Network interception & stealth
Playwright’s route API makes it trivial to block images, fonts, and trackers – speeding up scans significantly. More importantly, I integrated playwright‑stealth to mimic real browser fingerprints. This bypasses Cloudflare and other anti‑bot systems that Selenium (and even vanilla Puppeteer) struggle with. Without stealth, many SPAs returned 403 or empty pages.
Multi‑browser & debugging
Puppeteer only works with Chromium, but I’ve seen sites behave differently in Firefox or WebKit. Playwright supports all three with the same API – critical for comprehensive crawling. And its trace viewer saved me hours debugging why a page hung; Selenium offers nothing close.

Performance numbers (real crawl on a React site):

Selenium: 48s, 3 timeouts, 2 false‑negatives (missed links)

Puppeteer (stealth added manually): 32s, 1 timeout

Playwright + stealth: 22s, 0 timeouts, all dynamic content captured

So for Permi, Playwright wasn’t just a marginal improvement – it made JS scanning viable at scale. Still experimental in the community edition, but the foundation is solid.

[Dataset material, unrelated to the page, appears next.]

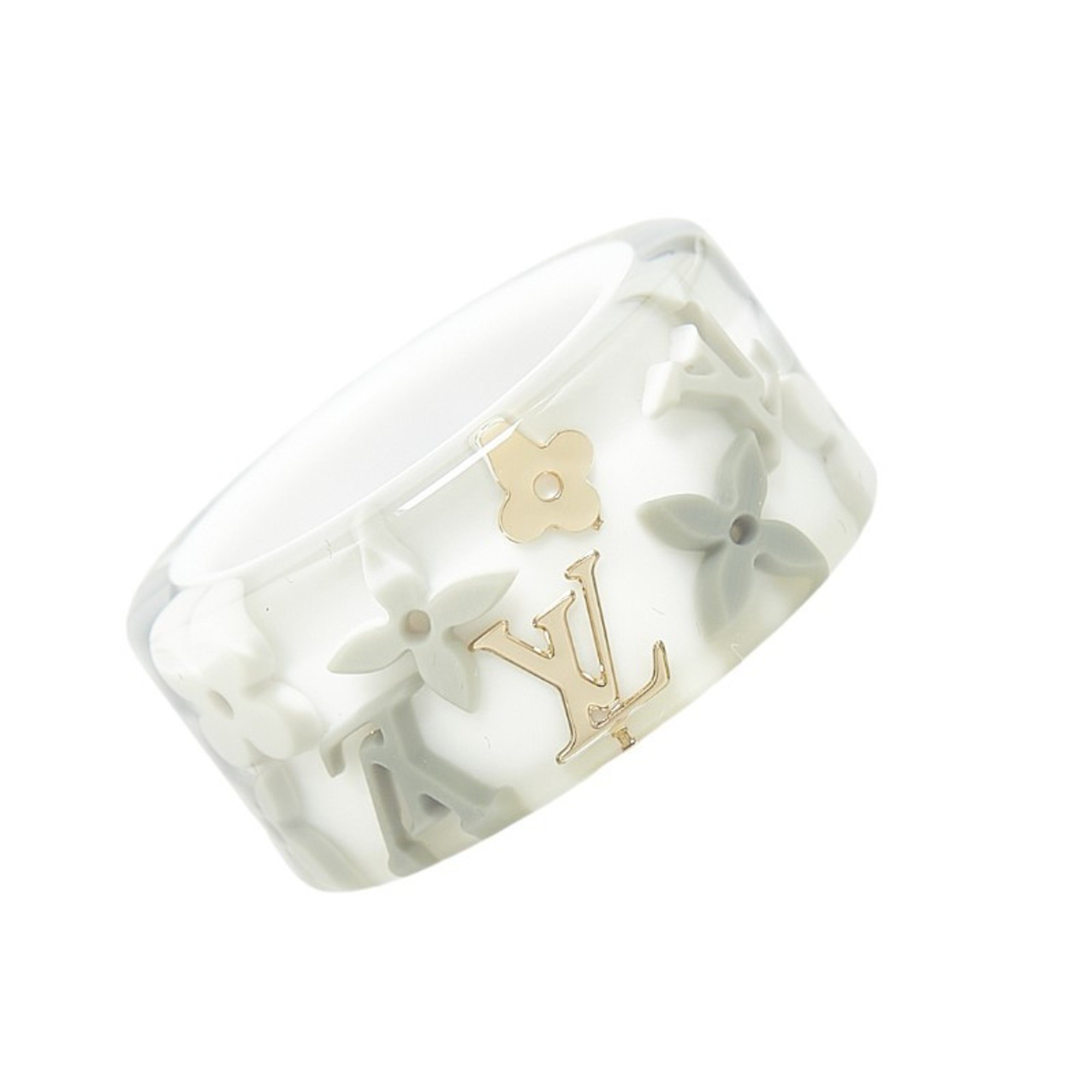 Louis Vuitton Monogram Berg Farandole Ring Size: S M65815 White Gray Gold Plastic Women's LOUIS VUITTON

Hope that helps! Happy to share code snippets if you're implementing something similar.

— Nasarah (Permi)

Rasmus Ros • May 13

That tracks. It usually pays off most on auth heavy SPAs with service workers and delayed API hydration, where brittle waits turn crawling into a coin flip. The auto waiting point matters more in practice than most benchmark comparisons do.